# If I move into his house



## sammieh (4 Jan 2010)

Hi. Not sure if I am posting this in the right area. But I am just wondering what would the law be if..... 
I have my own house & my boyfriend of four years has his own house. We would like to take things to the next level and move in together. 
problem is I have a child from a previous relationship and he is naturally worried if I would have any rights over his house if the relationship broke up in a few years time. what would the law be in this case??

Thanks in advance for any help you can give.


----------



## Slash (5 Jan 2010)

Whatever about the legal situation, are you sure you have thought this out fully? You are intending to move in with him, with your child, and he is thinking about financial consequences of a possible break up in a few years. What does that tell you about him?

If he is so worried, let him talk to a solicitor and get proper, reliable legal advice so as to protect himself. Then he'll be able to sleep at night, poor love.


----------



## Mel (5 Jan 2010)

+1 to that.


----------



## Bronte (5 Jan 2010)

He is right to raise issues in advance so as to avoid trouble down the line.  Are you going to be paying rent or the mortgage to him?  If you make a contribution to the house then in the event of you splitting up you may have acquired property rights but you cannnot know this in advance.  You can do up a legal agreement to clarify the situation.  From his point of view it would be preferable if you were paying rent.


----------



## babaduck (5 Jan 2010)

Actually, I agree with sammieh's partner.  I think it's very wise to consider the "what if's" before taking such a step.  If they were to buy a house together, their solicitor would ensure they do something similar (tenants in common) in case god forbid, they split up.  And it's happened to lots of people... even here on AAM!

I have heard of similar situations where the homeowner was sued for part of the home by the mover-in and the mover-in won the case.  So he's perfectly sane and not selfish to thrash this out in advance.  If it was me, I'd probably do the same.


----------



## sammieh (5 Jan 2010)

Yes we have thought this out fully, and have talked about this none stop for the last number of mths, we are currantly running between both our houses and feel that after four years we have to do something. 

We had heard about partners having rights to original owners property by living in the premises after a number of years and naturally we both want to protect ourselves. 
Bronte and babaduck thank you for the positive response that I was looking for, and Bronte you have more or less clarified what my thinking on the situation would be. 

Thanks again.


----------



## Mel (5 Jan 2010)

I wasn't trying to be negative, but from the short outline you gave, you are uprooting you and your child which is a huge upheaval for you.
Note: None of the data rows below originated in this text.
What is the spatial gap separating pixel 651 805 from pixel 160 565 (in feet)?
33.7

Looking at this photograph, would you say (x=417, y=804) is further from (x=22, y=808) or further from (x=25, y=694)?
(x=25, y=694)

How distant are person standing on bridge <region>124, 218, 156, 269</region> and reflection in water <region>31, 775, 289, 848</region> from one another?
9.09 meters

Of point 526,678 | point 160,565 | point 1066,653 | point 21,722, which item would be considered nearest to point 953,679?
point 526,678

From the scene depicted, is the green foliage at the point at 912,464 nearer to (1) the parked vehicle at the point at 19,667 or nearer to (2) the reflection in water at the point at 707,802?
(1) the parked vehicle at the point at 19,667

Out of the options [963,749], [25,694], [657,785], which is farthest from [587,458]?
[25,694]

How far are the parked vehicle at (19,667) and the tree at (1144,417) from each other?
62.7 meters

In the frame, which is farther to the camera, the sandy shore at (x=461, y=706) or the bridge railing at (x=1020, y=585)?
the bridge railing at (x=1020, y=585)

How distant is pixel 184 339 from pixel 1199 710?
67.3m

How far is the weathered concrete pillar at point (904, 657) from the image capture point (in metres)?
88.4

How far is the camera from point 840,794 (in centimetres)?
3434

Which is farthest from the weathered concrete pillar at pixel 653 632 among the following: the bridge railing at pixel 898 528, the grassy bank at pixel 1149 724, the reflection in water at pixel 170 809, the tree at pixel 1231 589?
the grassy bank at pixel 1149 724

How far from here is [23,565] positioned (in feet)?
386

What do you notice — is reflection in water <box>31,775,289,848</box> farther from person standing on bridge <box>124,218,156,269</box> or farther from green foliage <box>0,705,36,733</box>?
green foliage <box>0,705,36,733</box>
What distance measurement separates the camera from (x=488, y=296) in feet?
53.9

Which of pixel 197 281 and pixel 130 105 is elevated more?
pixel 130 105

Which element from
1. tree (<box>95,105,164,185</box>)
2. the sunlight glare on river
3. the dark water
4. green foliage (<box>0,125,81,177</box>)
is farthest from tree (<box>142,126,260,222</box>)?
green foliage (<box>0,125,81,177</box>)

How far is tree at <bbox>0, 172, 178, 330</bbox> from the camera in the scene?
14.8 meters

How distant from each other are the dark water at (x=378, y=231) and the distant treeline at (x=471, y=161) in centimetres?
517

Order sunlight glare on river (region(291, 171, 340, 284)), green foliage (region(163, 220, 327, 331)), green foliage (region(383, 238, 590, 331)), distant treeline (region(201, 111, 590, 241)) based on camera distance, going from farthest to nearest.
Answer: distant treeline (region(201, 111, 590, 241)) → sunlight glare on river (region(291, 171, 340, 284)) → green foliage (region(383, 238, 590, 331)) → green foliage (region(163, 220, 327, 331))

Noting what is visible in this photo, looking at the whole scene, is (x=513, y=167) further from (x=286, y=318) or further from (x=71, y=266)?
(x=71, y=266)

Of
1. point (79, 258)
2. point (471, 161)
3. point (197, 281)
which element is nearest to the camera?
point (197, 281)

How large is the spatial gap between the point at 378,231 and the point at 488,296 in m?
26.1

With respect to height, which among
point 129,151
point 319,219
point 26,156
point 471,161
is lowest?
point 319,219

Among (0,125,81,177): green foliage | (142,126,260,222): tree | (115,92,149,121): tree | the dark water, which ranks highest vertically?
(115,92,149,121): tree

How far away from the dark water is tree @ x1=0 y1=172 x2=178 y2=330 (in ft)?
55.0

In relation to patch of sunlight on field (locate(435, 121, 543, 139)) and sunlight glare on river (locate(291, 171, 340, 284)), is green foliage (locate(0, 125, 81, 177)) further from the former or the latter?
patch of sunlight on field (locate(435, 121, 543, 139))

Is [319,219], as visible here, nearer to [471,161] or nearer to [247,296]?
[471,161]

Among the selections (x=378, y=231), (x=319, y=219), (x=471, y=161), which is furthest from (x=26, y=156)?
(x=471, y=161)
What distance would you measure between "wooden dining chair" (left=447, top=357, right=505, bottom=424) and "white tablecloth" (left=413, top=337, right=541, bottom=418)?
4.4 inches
Your partner's concern is that he might lose out on his property. 
Of course you need to sort something out, but as Slash pointed out, he's a big boy, let him worry about it himself. You on the other hand need to think about you and your child. 
From personal experience I would advise against the move without some committment over and above his worry that you might have some rights to his house down the line. Which is another way of saying if you break up then you and your child will be forced to move again.


----------



## ney001 (5 Jan 2010)

Slash said:


> What does that tell you about him?



That he's pretty sensible??


----------



## Susanna (5 Jan 2010)

It tells me that he is afraid of committment!


----------



## Ravima (5 Jan 2010)

it could be that he is FULLY committed, but that he worries the other party is not??


----------



## sulo (5 Jan 2010)

I think hes very clever to consider this, as you should also.  I assume when you move in that you will be also paying toward bills/food etc.  
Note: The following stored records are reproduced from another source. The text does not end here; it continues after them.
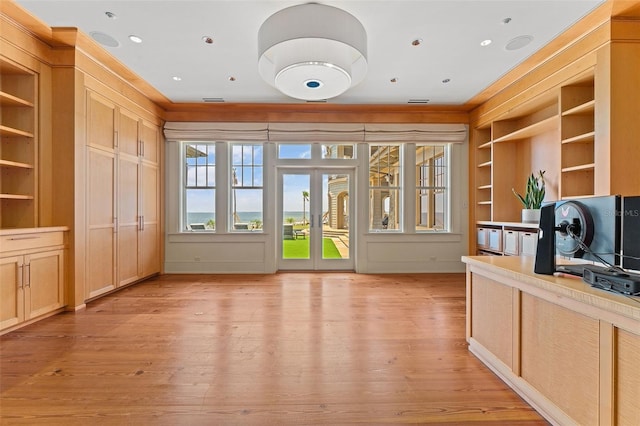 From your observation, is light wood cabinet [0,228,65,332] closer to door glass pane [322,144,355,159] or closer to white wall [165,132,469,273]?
white wall [165,132,469,273]

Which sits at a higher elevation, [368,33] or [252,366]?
[368,33]

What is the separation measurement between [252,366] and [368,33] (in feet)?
10.9

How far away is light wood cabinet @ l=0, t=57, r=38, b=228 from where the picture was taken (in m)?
3.14

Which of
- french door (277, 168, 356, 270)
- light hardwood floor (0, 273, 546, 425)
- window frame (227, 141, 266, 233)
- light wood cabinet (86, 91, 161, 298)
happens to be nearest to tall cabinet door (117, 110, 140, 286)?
light wood cabinet (86, 91, 161, 298)

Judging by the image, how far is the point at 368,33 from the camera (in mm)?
3051

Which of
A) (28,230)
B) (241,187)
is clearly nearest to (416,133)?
(241,187)

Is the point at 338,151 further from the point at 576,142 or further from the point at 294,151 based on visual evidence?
the point at 576,142

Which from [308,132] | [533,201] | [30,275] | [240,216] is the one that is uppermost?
[308,132]

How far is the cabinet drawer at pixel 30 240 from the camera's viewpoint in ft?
8.82

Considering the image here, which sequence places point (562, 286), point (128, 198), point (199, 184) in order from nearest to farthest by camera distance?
1. point (562, 286)
2. point (128, 198)
3. point (199, 184)

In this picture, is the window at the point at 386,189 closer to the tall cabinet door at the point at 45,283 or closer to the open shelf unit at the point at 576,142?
the open shelf unit at the point at 576,142

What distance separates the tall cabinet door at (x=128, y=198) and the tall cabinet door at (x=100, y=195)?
0.47 feet

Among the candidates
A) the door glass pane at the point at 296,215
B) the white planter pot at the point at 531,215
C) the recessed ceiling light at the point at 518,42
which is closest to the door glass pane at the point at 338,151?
the door glass pane at the point at 296,215

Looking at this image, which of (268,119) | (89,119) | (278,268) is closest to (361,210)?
(278,268) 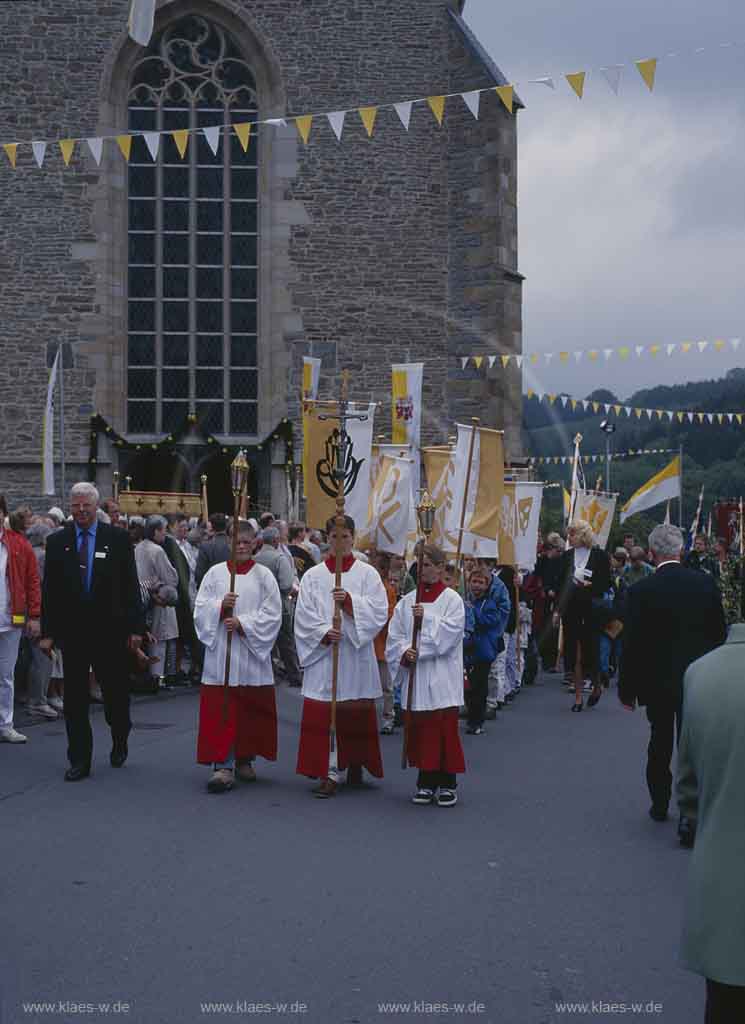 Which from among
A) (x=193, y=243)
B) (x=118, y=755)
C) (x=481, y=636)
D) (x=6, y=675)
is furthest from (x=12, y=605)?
(x=193, y=243)

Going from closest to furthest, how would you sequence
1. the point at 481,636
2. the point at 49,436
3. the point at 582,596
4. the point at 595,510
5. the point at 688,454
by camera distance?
the point at 481,636 → the point at 582,596 → the point at 595,510 → the point at 49,436 → the point at 688,454

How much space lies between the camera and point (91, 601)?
9844mm

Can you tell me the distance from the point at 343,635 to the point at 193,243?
17.4 m

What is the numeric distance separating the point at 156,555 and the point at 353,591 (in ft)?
17.3

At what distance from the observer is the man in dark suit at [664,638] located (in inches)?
332

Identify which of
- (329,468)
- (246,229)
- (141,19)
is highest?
(246,229)

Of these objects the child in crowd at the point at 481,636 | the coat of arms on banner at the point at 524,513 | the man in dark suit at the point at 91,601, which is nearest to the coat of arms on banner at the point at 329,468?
the child in crowd at the point at 481,636

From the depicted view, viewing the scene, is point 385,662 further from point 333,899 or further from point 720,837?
point 720,837

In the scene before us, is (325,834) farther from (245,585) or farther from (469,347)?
(469,347)

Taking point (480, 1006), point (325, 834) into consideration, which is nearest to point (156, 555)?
point (325, 834)

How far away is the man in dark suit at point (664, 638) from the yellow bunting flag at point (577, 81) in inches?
251

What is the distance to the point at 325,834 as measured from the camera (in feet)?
25.7

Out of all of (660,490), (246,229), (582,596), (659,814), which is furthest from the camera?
(246,229)

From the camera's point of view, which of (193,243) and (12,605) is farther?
(193,243) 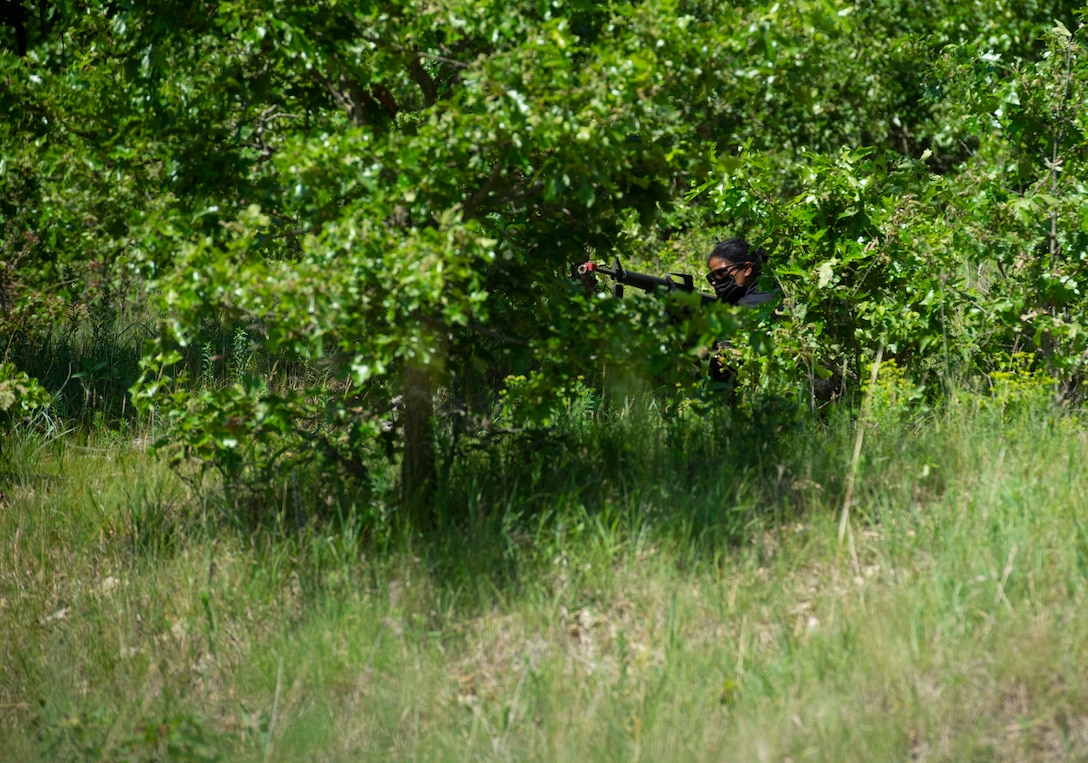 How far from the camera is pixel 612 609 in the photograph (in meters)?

If you are not intending to marry - could you consider a cohabiting agreement?

If for whatever reason that you take out loans together, do work on the existing property or you part pay the mortgage.  If in a few years you do split where will that leave you?

Im not too familiar with the law on these matters so it is worth looking into....

For both of you.... 

I think its important whether married or not to be sensible on these matters!


----------



## Vanilla (5 Jan 2010)

I can see there are a few romantics left on AAM! Now I'm all for romance, but...better to be a little clear sighted in advance and it might save some heartache in the future. 

I would suggest you make an appt with your solicitor to discuss the potential ramifications and legal rights. If necessary then, an agreement can be drawn up in advance of your moving in together. With the new changes afoot in law, whether you are married or cohabiting you may acquire rights in the future so best to be properly informed.


----------



## sammieh (6 Jan 2010)

Thanks for all the info. We did think that it would be wise to get solicitor involved in the long term but it is something to look at in the near future. thanks again for everything.


----------



## jack2009 (6 Jan 2010)

Sammieh, 

Best of luck, this is a very big and scary step so really hope that all works out for all.

I understand that the laws co-habitating are not that straightforward.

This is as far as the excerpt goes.